True, true.  For Mac OS X to reach the power of Visual Studio, one would need a better development environment than the commnd-line or AppleScript -- something along the lines of XCode and knowledge of Cocoa/Objective-C.



> ...but, I do have a question for you regarding that. Would it be better for Windows to include yet another component to their OS so that it is "built-in," or is the fact that you can download the Express Edition for free so that individual users choose what they want better?


I guess this is all personal preference -- in Mac OS X, as I stated, those languages take up very little space... a few hundred megabytes to a maximum of a gigabyte for all of them together.  The reason is probably because they're command-line based and have no need to include a GUI, which is a very large portion of the size of an IDE.

Still, it's worth comparing that Visual Studio and the .NET framework are quite large -- Visual Studio being several gigabytes for the complete package (C#, C++, VB, etc.).

Part of the reason that Mac OS X includes these technologies is that they are almost inherent to a UNIX distribution.  While not included in all distributions, they are key languages in doing useful things in the command-line.  Windows, on the other hand, is a much more GUI-oriented operating system, with a "shell" that is decades old.  But now we're getting into backward-compatibility issues...

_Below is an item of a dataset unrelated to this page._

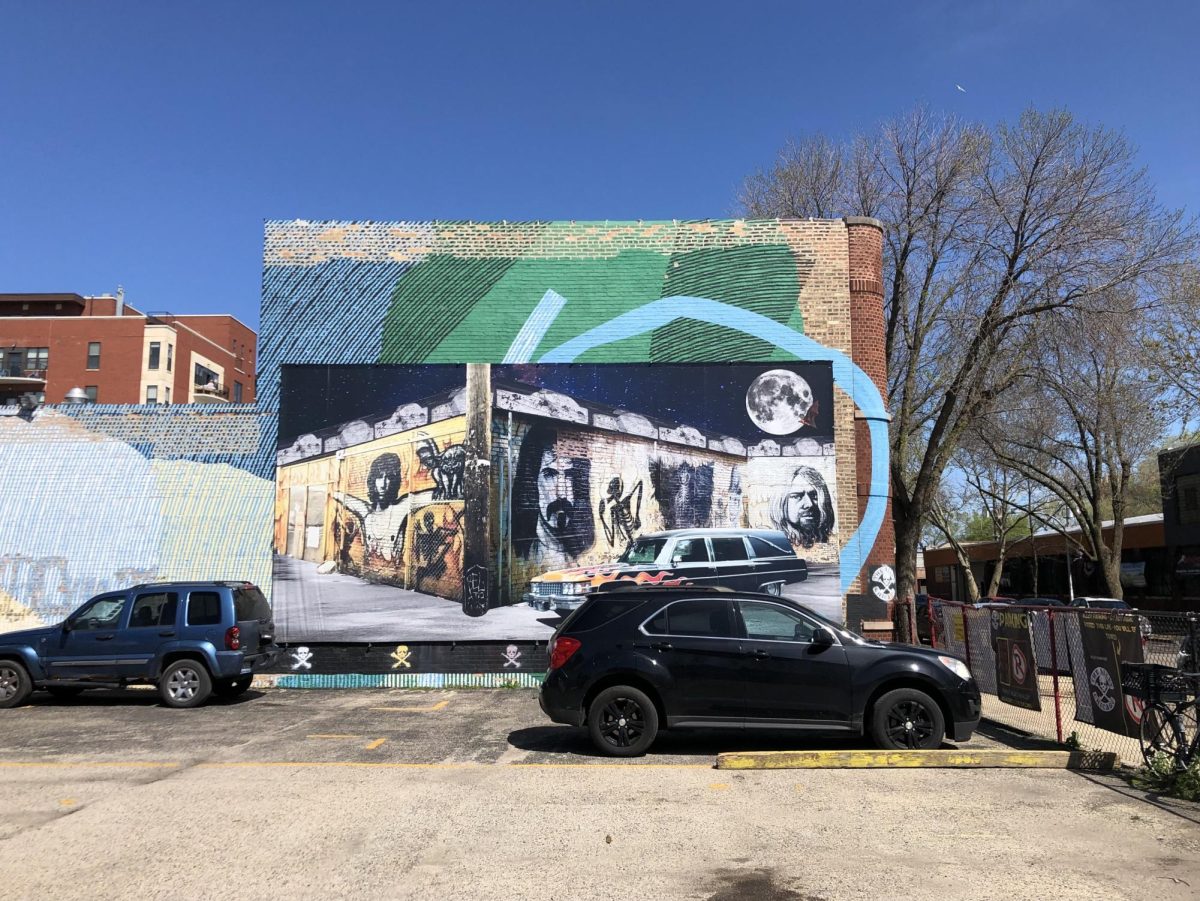 Mural on The Alley’s side depicting the surroundings of the original store at Belmont and Clark and one of Mark Thomas’s hearses parked nearby.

I dunno.  It can be argued one way or another.  Mac OS X includes a ton of useful scripting and programming languages out-of-the-box, but require programming knowledge to use.  I could say that a newcomer that is not familiar with programming and has little command-line experience couldn't even begin to use Perl or Ruby.  This is not so with Visual Basic -- a newcomer with little programming experience or command-line experience can take up Visual Basic in a few days and be "productive" with it to an extent.


----------